Your assignment: Using the listing below, retype exactly the lines starting at the one with "Heartfelt Daily Casual" and ending at the one with "Dentist icon set.", and include both.

Record excerpts:

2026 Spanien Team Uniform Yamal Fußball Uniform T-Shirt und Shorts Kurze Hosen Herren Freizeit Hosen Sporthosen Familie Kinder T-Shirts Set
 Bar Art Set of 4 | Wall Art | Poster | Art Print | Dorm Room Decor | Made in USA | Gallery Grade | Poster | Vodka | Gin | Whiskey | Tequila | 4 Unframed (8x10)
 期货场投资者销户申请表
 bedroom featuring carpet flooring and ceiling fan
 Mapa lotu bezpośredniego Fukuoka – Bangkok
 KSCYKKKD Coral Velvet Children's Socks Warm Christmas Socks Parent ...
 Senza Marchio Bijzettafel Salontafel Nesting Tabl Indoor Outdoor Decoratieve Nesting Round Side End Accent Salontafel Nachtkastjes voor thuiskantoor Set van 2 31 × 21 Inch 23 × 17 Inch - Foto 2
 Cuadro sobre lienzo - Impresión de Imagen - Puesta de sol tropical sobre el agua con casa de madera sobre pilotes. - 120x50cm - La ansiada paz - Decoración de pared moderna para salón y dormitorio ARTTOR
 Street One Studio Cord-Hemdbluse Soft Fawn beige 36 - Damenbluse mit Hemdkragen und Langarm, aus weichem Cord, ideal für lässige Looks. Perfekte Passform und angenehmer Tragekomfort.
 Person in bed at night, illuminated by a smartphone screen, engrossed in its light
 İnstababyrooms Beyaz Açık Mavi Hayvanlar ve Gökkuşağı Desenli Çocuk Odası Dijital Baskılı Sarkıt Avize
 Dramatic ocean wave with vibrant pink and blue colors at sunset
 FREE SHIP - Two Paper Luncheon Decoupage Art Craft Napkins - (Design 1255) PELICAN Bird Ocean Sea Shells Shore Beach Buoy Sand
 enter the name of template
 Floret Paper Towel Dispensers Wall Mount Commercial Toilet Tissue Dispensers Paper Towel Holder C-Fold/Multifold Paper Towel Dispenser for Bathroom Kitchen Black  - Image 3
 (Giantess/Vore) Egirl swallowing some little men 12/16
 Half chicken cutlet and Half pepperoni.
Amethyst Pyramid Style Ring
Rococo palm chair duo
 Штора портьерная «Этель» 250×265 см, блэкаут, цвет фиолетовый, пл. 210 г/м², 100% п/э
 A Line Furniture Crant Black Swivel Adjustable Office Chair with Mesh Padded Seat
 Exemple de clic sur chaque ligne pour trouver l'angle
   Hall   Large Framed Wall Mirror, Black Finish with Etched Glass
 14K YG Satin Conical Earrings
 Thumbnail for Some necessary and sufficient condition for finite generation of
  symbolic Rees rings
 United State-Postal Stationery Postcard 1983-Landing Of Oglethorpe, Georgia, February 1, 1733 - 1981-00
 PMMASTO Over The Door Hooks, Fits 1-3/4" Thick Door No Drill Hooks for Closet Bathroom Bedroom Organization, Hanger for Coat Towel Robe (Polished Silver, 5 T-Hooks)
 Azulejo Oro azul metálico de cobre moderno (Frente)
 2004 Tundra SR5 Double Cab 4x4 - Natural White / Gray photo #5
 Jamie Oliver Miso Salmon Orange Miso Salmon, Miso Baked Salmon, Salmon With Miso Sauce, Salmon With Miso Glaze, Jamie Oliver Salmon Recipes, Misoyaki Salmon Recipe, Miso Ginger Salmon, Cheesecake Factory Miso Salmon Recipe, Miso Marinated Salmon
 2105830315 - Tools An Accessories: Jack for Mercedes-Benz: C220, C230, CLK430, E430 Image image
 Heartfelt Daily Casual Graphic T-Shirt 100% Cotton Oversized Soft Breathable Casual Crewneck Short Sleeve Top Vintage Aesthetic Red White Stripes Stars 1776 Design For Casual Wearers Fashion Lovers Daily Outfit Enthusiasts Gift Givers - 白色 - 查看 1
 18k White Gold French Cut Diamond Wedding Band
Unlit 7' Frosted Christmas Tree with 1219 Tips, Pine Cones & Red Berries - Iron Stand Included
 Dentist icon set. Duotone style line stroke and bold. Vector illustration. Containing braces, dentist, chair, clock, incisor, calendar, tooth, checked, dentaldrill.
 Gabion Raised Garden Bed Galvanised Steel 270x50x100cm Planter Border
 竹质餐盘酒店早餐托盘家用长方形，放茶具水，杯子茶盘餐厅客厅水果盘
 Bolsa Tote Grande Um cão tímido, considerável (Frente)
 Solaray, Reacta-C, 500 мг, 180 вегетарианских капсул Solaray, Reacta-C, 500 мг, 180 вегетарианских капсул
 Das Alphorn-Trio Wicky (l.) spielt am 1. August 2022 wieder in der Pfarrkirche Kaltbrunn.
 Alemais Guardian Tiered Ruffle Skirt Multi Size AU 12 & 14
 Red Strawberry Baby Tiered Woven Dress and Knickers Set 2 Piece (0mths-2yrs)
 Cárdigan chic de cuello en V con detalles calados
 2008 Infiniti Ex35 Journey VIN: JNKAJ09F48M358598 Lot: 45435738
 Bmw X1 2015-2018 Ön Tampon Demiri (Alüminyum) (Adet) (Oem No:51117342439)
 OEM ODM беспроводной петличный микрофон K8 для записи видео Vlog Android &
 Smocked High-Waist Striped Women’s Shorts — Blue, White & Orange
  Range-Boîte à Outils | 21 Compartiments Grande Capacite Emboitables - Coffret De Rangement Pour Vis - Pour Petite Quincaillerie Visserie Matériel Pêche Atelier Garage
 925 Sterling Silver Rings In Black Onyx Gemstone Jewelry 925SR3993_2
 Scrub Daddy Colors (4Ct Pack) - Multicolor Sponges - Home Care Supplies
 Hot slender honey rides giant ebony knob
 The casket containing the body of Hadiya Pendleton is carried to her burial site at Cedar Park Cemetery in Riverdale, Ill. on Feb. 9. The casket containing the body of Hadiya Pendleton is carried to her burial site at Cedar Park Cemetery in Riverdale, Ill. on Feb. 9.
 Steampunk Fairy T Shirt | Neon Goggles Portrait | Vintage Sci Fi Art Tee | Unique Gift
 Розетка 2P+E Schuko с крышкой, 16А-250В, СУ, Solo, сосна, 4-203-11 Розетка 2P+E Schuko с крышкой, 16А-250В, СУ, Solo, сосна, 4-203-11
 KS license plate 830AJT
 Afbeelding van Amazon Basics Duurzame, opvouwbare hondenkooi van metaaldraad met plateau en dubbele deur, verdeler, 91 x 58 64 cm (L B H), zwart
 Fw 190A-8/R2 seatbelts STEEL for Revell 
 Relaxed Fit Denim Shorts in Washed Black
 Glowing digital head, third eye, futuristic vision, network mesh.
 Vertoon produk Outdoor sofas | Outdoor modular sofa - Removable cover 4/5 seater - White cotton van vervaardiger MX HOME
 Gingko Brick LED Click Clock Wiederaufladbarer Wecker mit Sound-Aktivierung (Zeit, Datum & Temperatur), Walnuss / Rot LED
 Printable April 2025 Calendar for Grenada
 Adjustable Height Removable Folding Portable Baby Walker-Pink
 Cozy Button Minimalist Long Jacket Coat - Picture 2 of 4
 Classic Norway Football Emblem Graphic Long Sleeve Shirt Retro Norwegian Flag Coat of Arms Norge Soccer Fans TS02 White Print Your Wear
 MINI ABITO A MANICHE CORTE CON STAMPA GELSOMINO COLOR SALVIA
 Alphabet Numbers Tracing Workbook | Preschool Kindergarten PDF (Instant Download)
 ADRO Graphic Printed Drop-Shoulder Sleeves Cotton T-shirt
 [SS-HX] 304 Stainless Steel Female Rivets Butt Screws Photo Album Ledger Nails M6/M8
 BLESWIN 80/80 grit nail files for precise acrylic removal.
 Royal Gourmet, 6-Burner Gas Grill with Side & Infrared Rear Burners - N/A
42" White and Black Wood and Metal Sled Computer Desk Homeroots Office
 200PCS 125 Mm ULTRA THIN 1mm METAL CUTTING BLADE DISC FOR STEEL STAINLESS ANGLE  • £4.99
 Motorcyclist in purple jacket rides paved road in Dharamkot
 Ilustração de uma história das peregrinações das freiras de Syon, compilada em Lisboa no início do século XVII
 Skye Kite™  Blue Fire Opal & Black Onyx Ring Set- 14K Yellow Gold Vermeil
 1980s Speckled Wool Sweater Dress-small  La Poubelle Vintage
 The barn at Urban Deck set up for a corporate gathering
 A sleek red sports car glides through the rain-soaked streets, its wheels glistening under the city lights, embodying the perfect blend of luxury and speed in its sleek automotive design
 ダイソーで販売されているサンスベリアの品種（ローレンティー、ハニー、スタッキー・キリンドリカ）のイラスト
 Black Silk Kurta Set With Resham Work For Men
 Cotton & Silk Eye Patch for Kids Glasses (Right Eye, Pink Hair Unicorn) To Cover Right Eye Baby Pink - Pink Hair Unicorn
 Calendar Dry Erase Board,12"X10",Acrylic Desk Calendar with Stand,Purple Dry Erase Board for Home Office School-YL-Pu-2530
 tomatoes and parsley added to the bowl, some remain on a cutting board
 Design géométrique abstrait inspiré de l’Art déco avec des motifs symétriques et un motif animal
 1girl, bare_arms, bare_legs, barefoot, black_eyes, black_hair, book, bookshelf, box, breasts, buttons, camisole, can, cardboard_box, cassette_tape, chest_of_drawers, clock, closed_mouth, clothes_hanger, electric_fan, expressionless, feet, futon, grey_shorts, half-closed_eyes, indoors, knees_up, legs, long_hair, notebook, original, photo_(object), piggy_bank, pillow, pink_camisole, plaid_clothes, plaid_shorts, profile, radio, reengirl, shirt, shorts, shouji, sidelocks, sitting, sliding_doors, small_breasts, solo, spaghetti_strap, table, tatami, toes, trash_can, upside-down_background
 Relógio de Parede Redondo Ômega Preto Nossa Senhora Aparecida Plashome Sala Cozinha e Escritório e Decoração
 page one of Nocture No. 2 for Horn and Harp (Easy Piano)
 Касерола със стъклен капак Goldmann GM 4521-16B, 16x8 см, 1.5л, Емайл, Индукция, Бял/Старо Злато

Answer area:
 Heartfelt Daily Casual Graphic T-Shirt 100% Cotton Oversized Soft Breathable Casual Crewneck Short Sleeve Top Vintage Aesthetic Red White Stripes Stars 1776 Design For Casual Wearers Fashion Lovers Daily Outfit Enthusiasts Gift Givers - 白色 - 查看 1
 18k White Gold French Cut Diamond Wedding Band
Unlit 7' Frosted Christmas Tree with 1219 Tips, Pine Cones & Red Berries - Iron Stand Included
 Dentist icon set. Duotone style line stroke and bold. Vector illustration. Containing braces, dentist, chair, clock, incisor, calendar, tooth, checked, dentaldrill.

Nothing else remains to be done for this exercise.